ASSIGNED TASK:
Where the listing shows an image, skip it and output all other material unchanged.

DATASET SECTION:
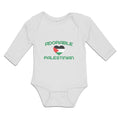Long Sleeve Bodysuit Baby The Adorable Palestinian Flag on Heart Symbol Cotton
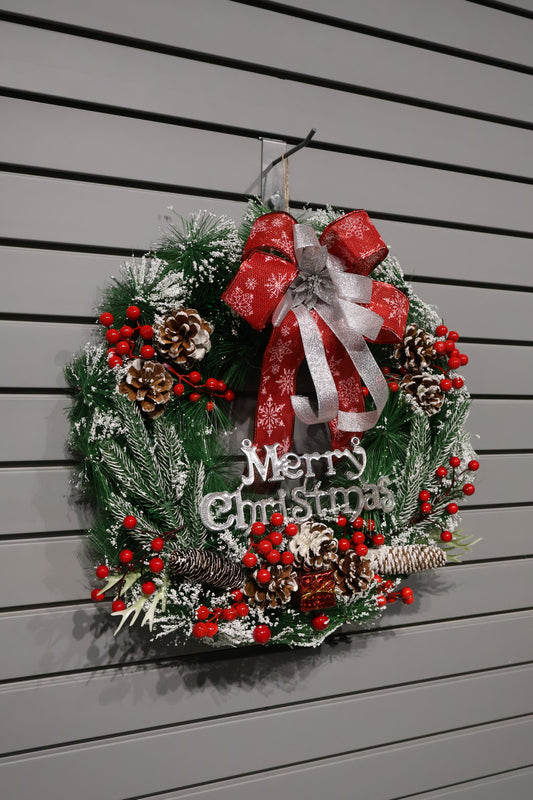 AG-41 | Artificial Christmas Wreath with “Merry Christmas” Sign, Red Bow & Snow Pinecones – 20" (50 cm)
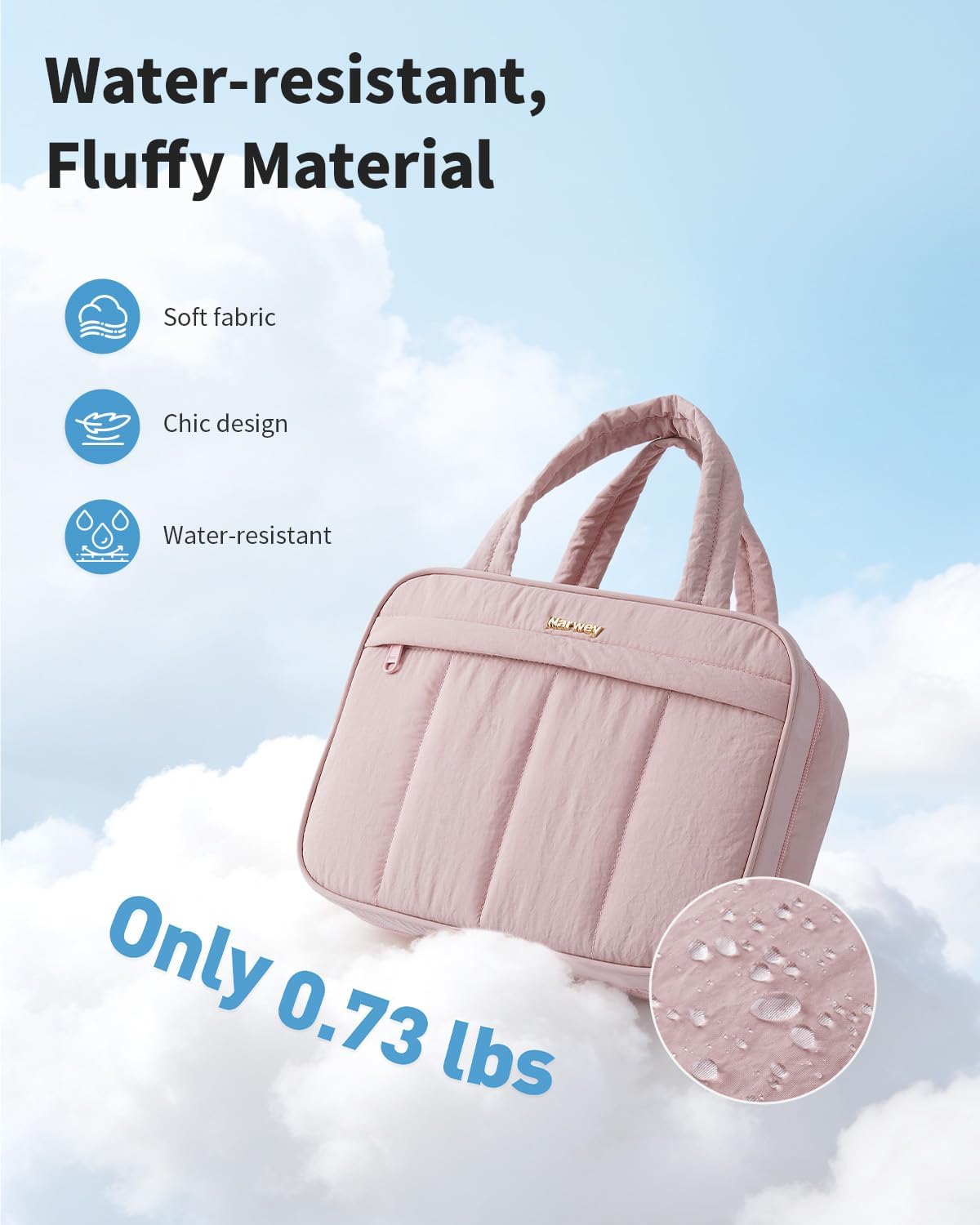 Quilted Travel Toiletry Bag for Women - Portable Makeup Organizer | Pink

EXERCISE SOLUTION:
Long Sleeve Bodysuit Baby The Adorable Palestinian Flag on Heart Symbol Cotton
 AG-41 | Artificial Christmas Wreath with “Merry Christmas” Sign, Red Bow & Snow Pinecones – 20" (50 cm)
 Quilted Travel Toiletry Bag for Women - Portable Makeup Organizer | Pink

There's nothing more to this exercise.